Acerca de los personajes

Saber qué quiere escribir uno no es siempre una ventaja: la libertad para alejarse de la idea original queda restringida en la medida en que ésta haya calcificado en la mente de uno. «Dejar marchar» o «abandonar» una idea es un proceso mucho más doloroso que elaborarla.

Hice saber esto a mi tutora algunos días atrás. Le hice saber que en el proceso de elaboración del tercer borrador de la obra que he de presentar a final de curso había estado sometido a una gran presión por parte de los dos personajes principales de la obra. Estos dos personajes están basados en personalidades públicas que yo juzgo de dolosa moral, circunstancia que ha terminado por fulminar mi paciencia y mis ganas de dar por bueno el borrador entragada. Incluí esta preocupación en la lista de mis preguntas a mi tutora para nuestra reunión mensual. Mi tutora me aconsejó que realizase dos tareas: la primera, las biografías de cada uno de los personajes. Biografías de diez páginas por personaje. La segunda era que interrogase a mis personajes sobre los motivos, deseos, emociones que sienten el uno hacia el otro.

Pasados los días puedo decir que este, a mi escaso entender, es un acercamiento muy poco recomendable, por cuanto interrumpe la fluidez del proceso creativo. Entre las aserciones más banales que se enuncian en las teorías chuscas de construcción de obras literarias está la de que el escritor debe conocer a sus personajes como si se tratase de sus seres más próximos. Si el escritor puede recitar de memoria el pasado y el presente de un personaje, el manejo del mismo dentro de la obra debería resultar más fácil y el proceso, por tanto, menos angustiante. Lo que nunca se explica en este consejo es «cómo» se conoce a un personaje: cuál es la frontera del personaje, el ethos que le conduce a acciones irreductiblemente deterministas. Como si de un algoritmo se tratase, parece que conociendo las vicisitudes y propiedades morales de nuestros caracteres pudiéramos predecir cómo se van a comportar a lo largo de nuestra pieza. Sin embargo hay un problema que casi nunca se expone: un personaje es una construcción dentro de una ficción, y una persona es real. «Conocer» a un personaje como se «conoce» a un hermano es precisamente lo contrario: no «conocer». Las maneras de acercarse al conocimiento de un personaje y de una persona no pueden ser iguales. Todo esto suena a galimatías de términos pero trataré de aclararlo en la medida en la que me sea posible.

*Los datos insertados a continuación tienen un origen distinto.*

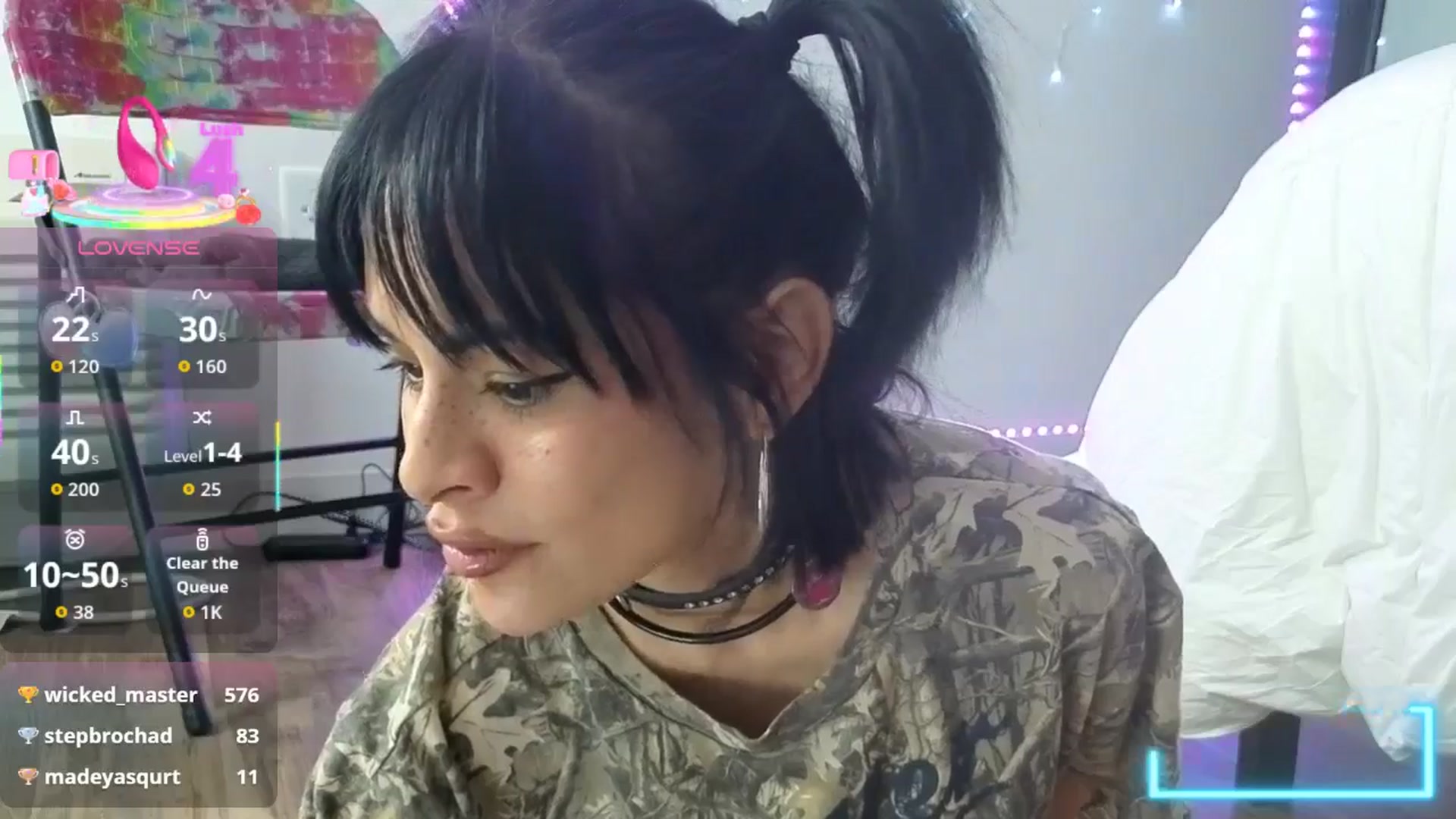 Gallery image thumbnail from Xreya's myfreecams stream on, 12/08/2025, 21:04 image 5 of 20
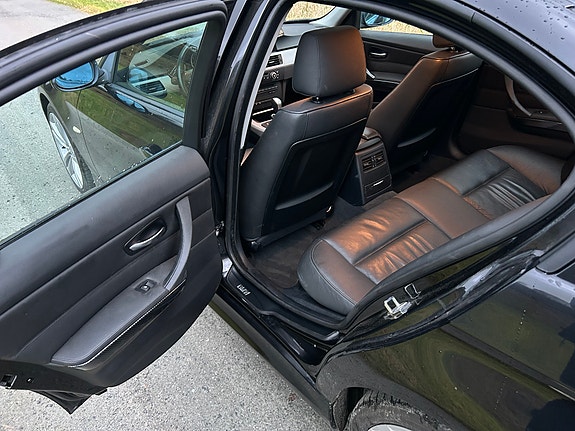 BMW 318i 12 of 18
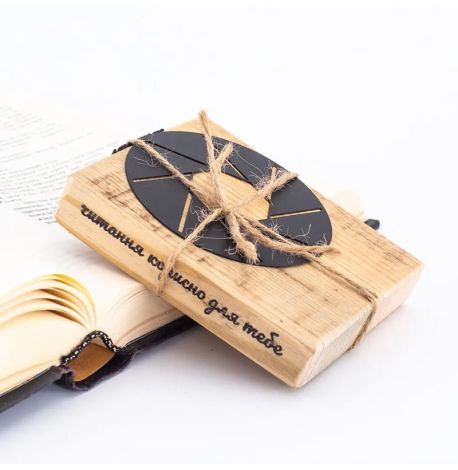 Закладка для книг Group f64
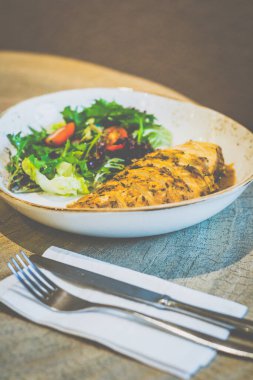 Black Pepper Sauc 'lı Cajun Tavuk Bifteği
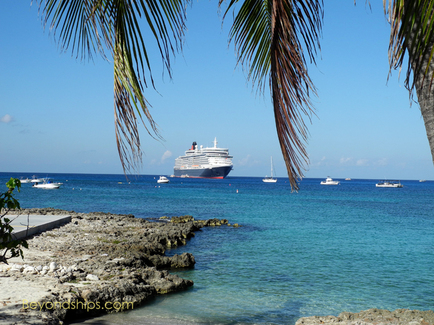 Queen Elizabeth cruise ship off Grand Cayman
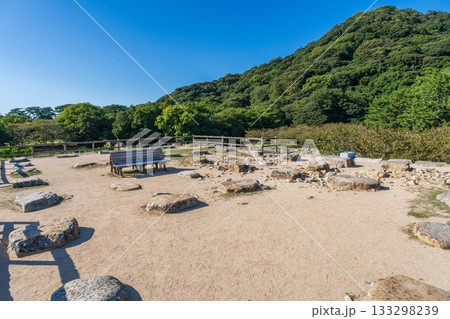 山口県萩市　萩城跡の天守の礎石 133298239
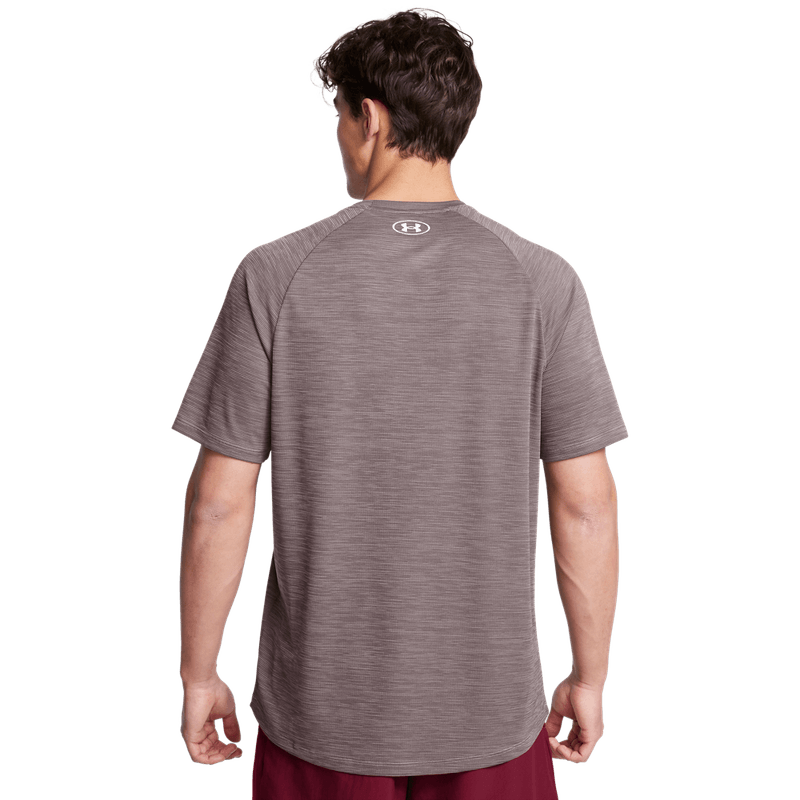 Camiseta-Manga-Corta-under-armour-para-hombre-Ua-Tech-Textured-Ss-para-entrenamiento-color-gris.-Reverso-Sin-Modelo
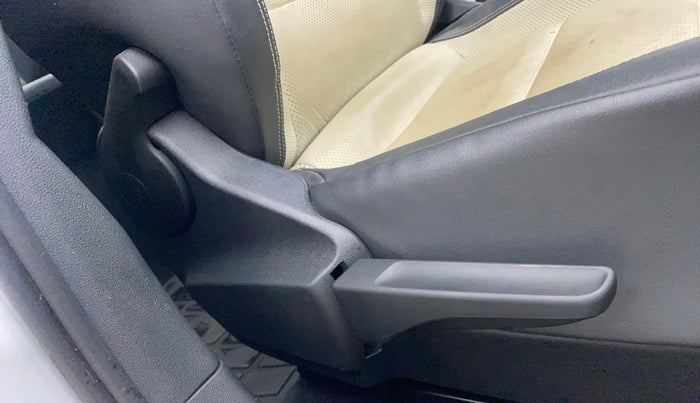 2022 Skoda SLAVIA STYLE 1.0L TSI MT, Petrol, Manual, 51,318 km, Driver Side Adjustment Panel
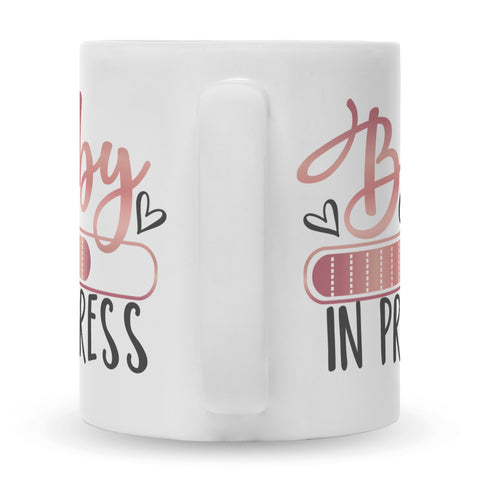 Bedruckte Tasse mit Spruch Baby in Progress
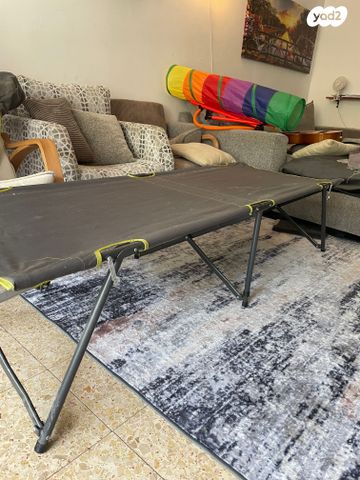 מיטת שדה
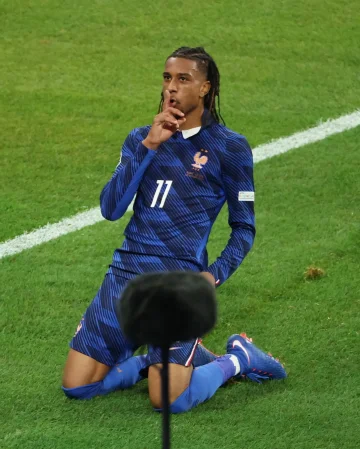 𝐌𝐢𝐜𝐡𝐚𝐞𝐥 𝐎𝐥𝐢𝐬𝐞 𝐢𝐬 𝐨𝐧 𝐚𝐧𝐨𝐭𝐡𝐞𝐫 𝐥𝐞𝐯𝐞𝐥 🤯

2 goals and 1 assist within 10 minutes! ⚽️⚽️🅰️
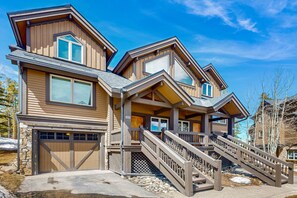Exterior - Spacious, ski-in/out townhome with hot tub, fireplace & heated garage (Breckenridge)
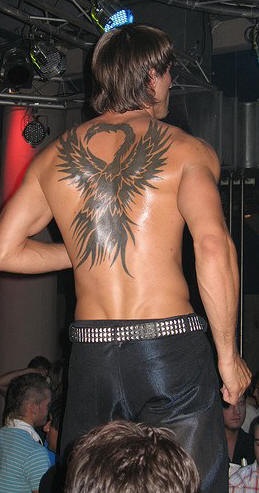 男性背部黑色的凤凰纹身图案
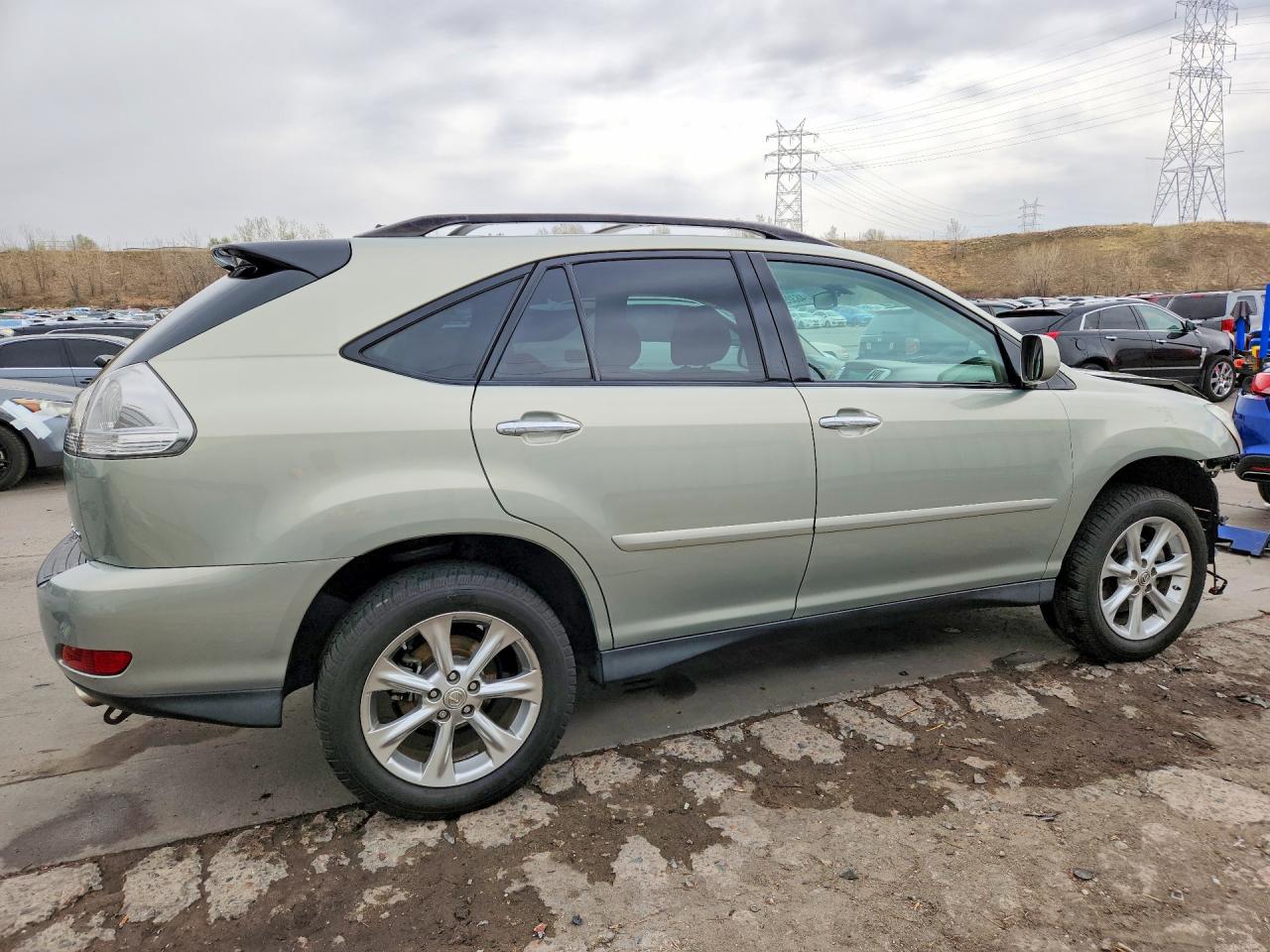 Lexus RX Base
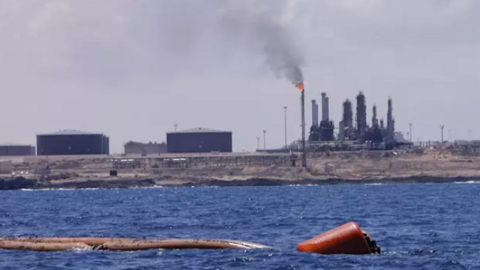 En la imagen de Reuters, la refinería de Libia.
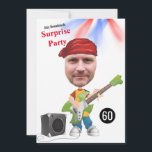 Invitation 60th Mens 🎸 🤣 Rockstar Anniversaire Guitare Funk<br><div class="desc">Bon anniversaire à ma rockstar préférée. Ajoutez votre visage à ce rocher et faites un cadeau amusant. Idéal pour tous ceux qui aiment le rock ‘n roll. #rockstar, #anniversaire, #rockandroll, #drôle, Ajouter Face Rock Star Funny Hommes Guitare Anniversaire Pour de meilleurs résultats : utilisez un portrait de haute qualité. Choisissez...</div>
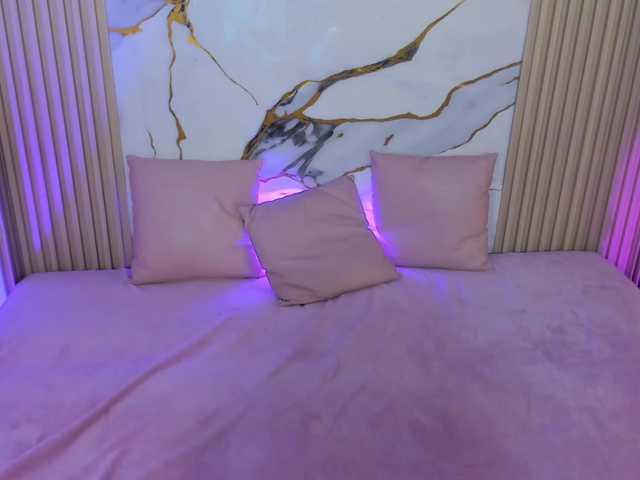 Siena-Tay's BongaCams show and profile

Un personaje no es absoluto: pertenece totalmente a la obra en la que aparece y, más allá, al entorno y a los conflictos que se encuentra en ella. David Mamet es especialmente corrosivo cuando se dirige a los actores que tratan de hacerse con el personaje. Viene a decir que el personaje no existe, que son palabras sobre un papel, que no existe más allá de la del guión y que por tanto no hay manera de hacerse con él, ni imaginándole una vida, ni imitándole, ni nada. Yo añadiría que los personajes forman parte de la ficción que el espectador inventa para ellos, y es responsabilidad exclusiva de los espectadores imaginarla, no a los actores o a los escritores. Un escritor o un actor pinta en el aire unos trazos, el espectador los observa y le da un significado.

Continuemos un poco más, por otro camino. Imaginemos que queremos conocer a una persona ¿cuál es el procedimiento? No es una pregunta retórica. ¿En qué momento pasamos de la ignorancia al conocimiento? Nos podemos sentar frente a ella durante un par de horas o un par de años y esperar que esa persona nos cuente cómo es, sus gustos, sus miedos, sus preferencias sexuales y aún así solo tendríamos una lista más o menos completa, más o menos aleatoria de datos arbitrarios sin orden ni concierto, al que nosotros tendremos que dar un sentido. Una vez concluido ese proceso de organización, llamamos al resultado conocimiento. Yo conozco a esa persona o a este personaje consiste, en realidad, en aplicar un juicio sobre nuestras percepciones, no sobre lo que esa persona o este personaje es. Este es el camino más seguro hacia el desastre. Porque confiamos en nuestro juicio más que en la evidencia de que es imposible conocer a los personajes. ¿Y confiamos en nuestro juicio? ¿Nos conocemos lo suficiente como para poder emitir juicios?